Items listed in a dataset
________________________________________
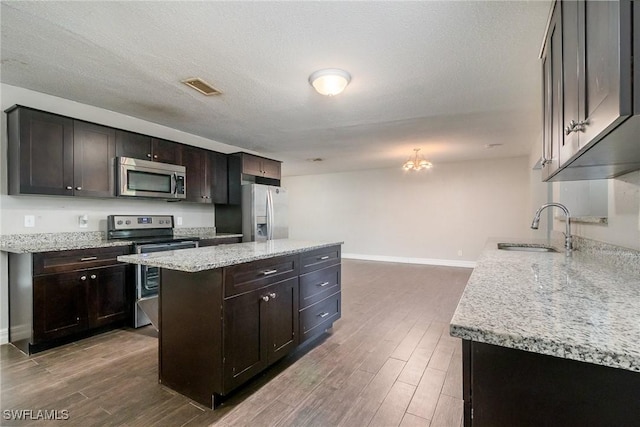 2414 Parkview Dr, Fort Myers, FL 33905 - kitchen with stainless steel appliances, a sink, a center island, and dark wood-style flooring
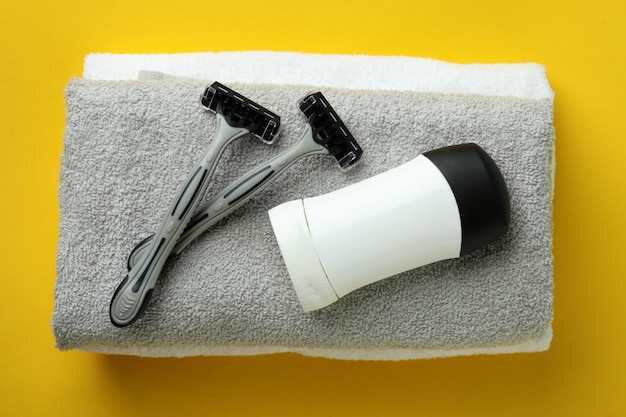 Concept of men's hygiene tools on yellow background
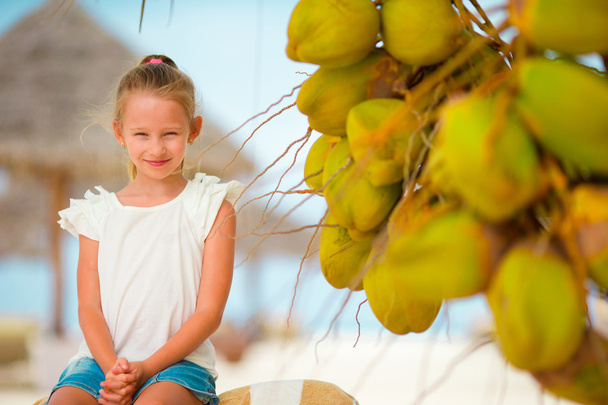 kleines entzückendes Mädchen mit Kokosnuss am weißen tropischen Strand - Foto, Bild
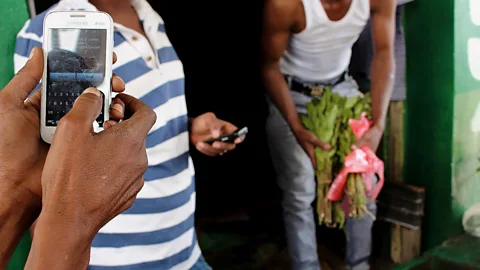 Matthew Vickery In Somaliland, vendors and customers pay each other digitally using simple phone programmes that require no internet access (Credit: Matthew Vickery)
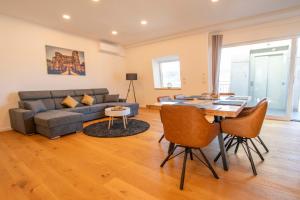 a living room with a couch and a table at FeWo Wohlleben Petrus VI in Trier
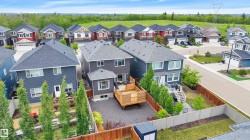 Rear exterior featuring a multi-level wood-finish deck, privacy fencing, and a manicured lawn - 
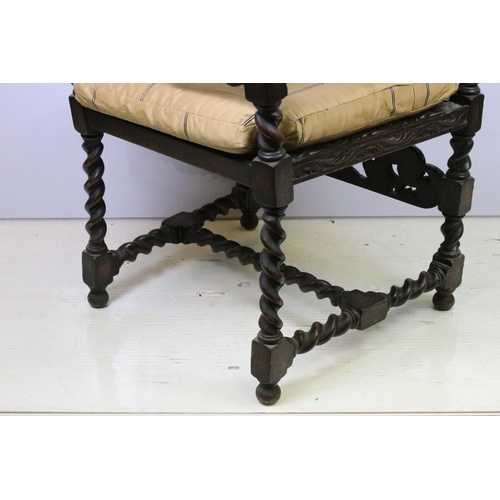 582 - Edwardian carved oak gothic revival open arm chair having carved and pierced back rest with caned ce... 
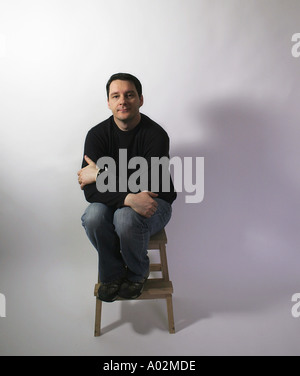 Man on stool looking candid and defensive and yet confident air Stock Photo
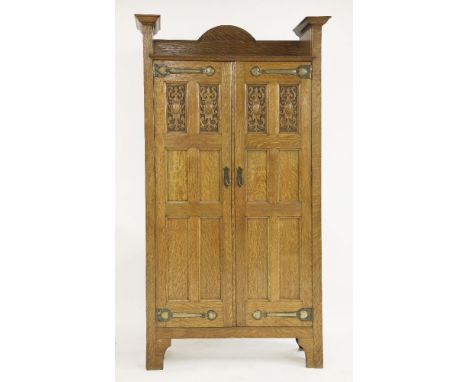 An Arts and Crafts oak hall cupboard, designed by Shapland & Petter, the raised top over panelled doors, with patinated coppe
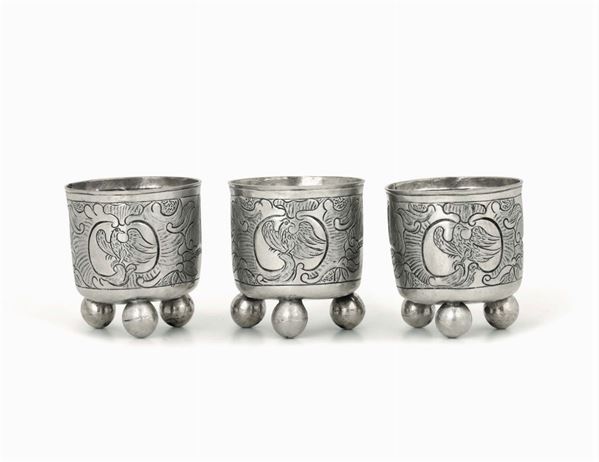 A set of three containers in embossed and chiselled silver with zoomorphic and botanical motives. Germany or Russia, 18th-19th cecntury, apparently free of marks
________________________________________
Prompt.
Leaving the images out, print the records above exactly.

Response to this task.
 2414 Parkview Dr, Fort Myers, FL 33905 - kitchen with stainless steel appliances, a sink, a center island, and dark wood-style flooring
 Concept of men's hygiene tools on yellow background
 kleines entzückendes Mädchen mit Kokosnuss am weißen tropischen Strand - Foto, Bild
 Matthew Vickery In Somaliland, vendors and customers pay each other digitally using simple phone programmes that require no internet access (Credit: Matthew Vickery)
 a living room with a couch and a table at FeWo Wohlleben Petrus VI in Trier
 Rear exterior featuring a multi-level wood-finish deck, privacy fencing, and a manicured lawn - 
 582 - Edwardian carved oak gothic revival open arm chair having carved and pierced back rest with caned ce... 
 Man on stool looking candid and defensive and yet confident air Stock Photo
 An Arts and Crafts oak hall cupboard, designed by Shapland & Petter, the raised top over panelled doors, with patinated coppe
 A set of three containers in embossed and chiselled silver with zoomorphic and botanical motives. Germany or Russia, 18th-19th cecntury, apparently free of marks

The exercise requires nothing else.